### DIRECTIONS FOR THIS TASK
Pictures should not appear in the copy; the records themselves must be written out exactly.

### EXTRACTED DATA
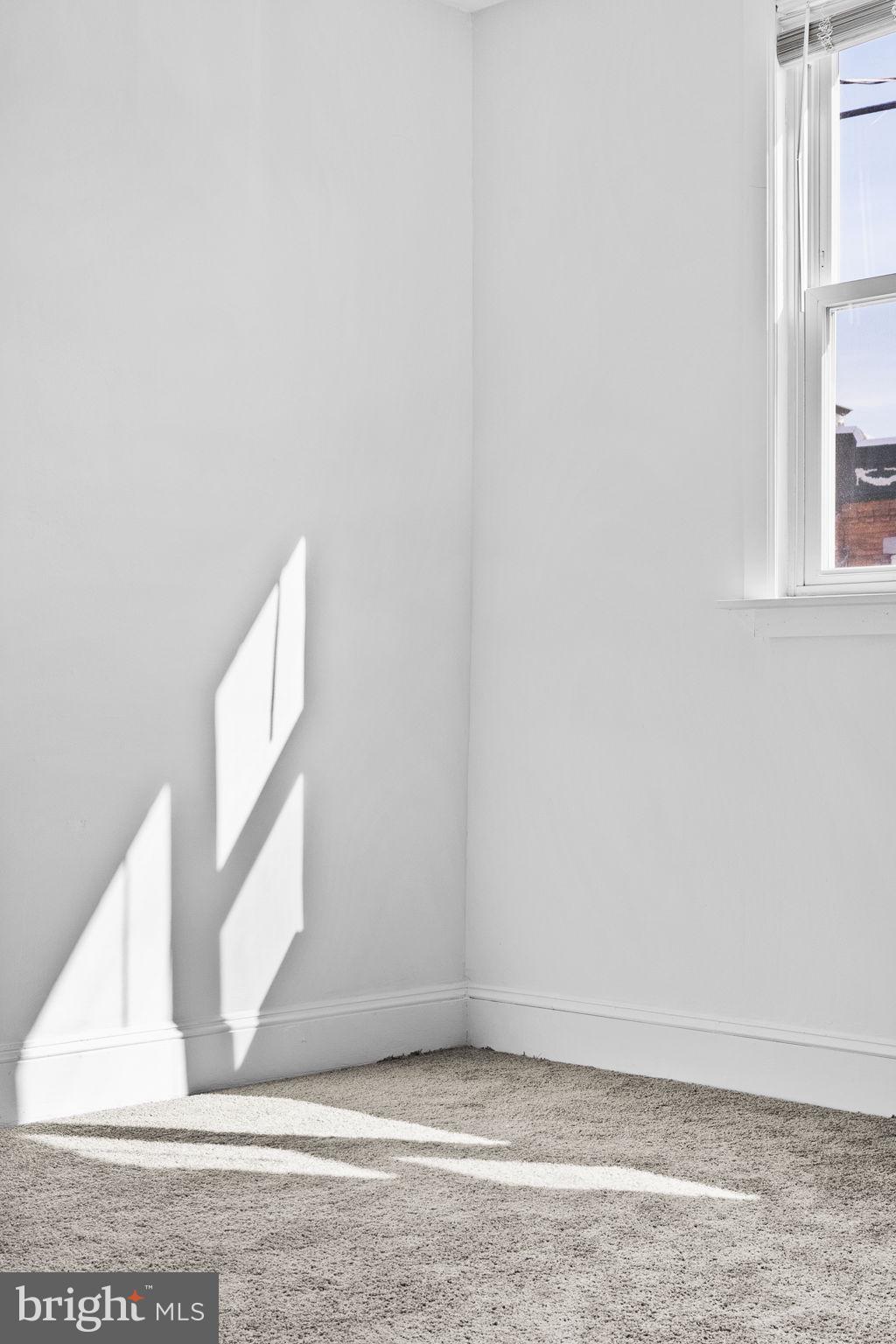 GIRARD ESTATES - Residential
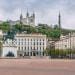 Real estate prices in Lyon in June 2024: purchase and rental indices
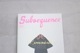 visvim() "Subsequence Magazine Vol.7"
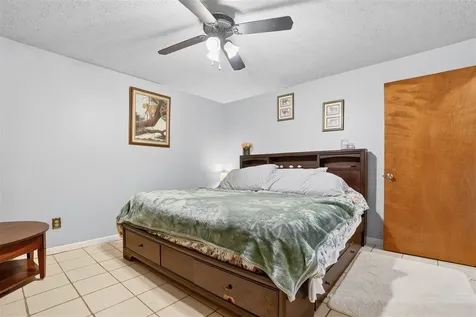 201 Easy Street Lewisburg KY 42256
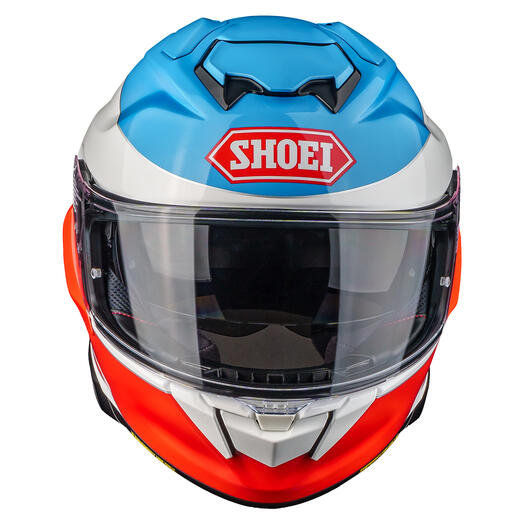 Casco Shoei GT-Air 3 Lilt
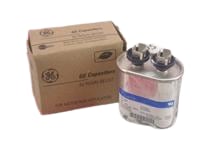 CPT120 by INGERSOLL RAND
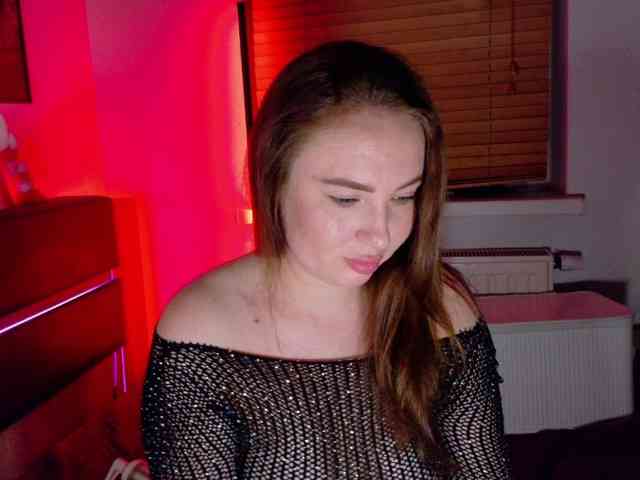 LexyNIGHT11 webcam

### YOUR RESPONSE
 GIRARD ESTATES - Residential
 Real estate prices in Lyon in June 2024: purchase and rental indices
 visvim() "Subsequence Magazine Vol.7"
 201 Easy Street Lewisburg KY 42256
 Casco Shoei GT-Air 3 Lilt
 CPT120 by INGERSOLL RAND
 LexyNIGHT11 webcam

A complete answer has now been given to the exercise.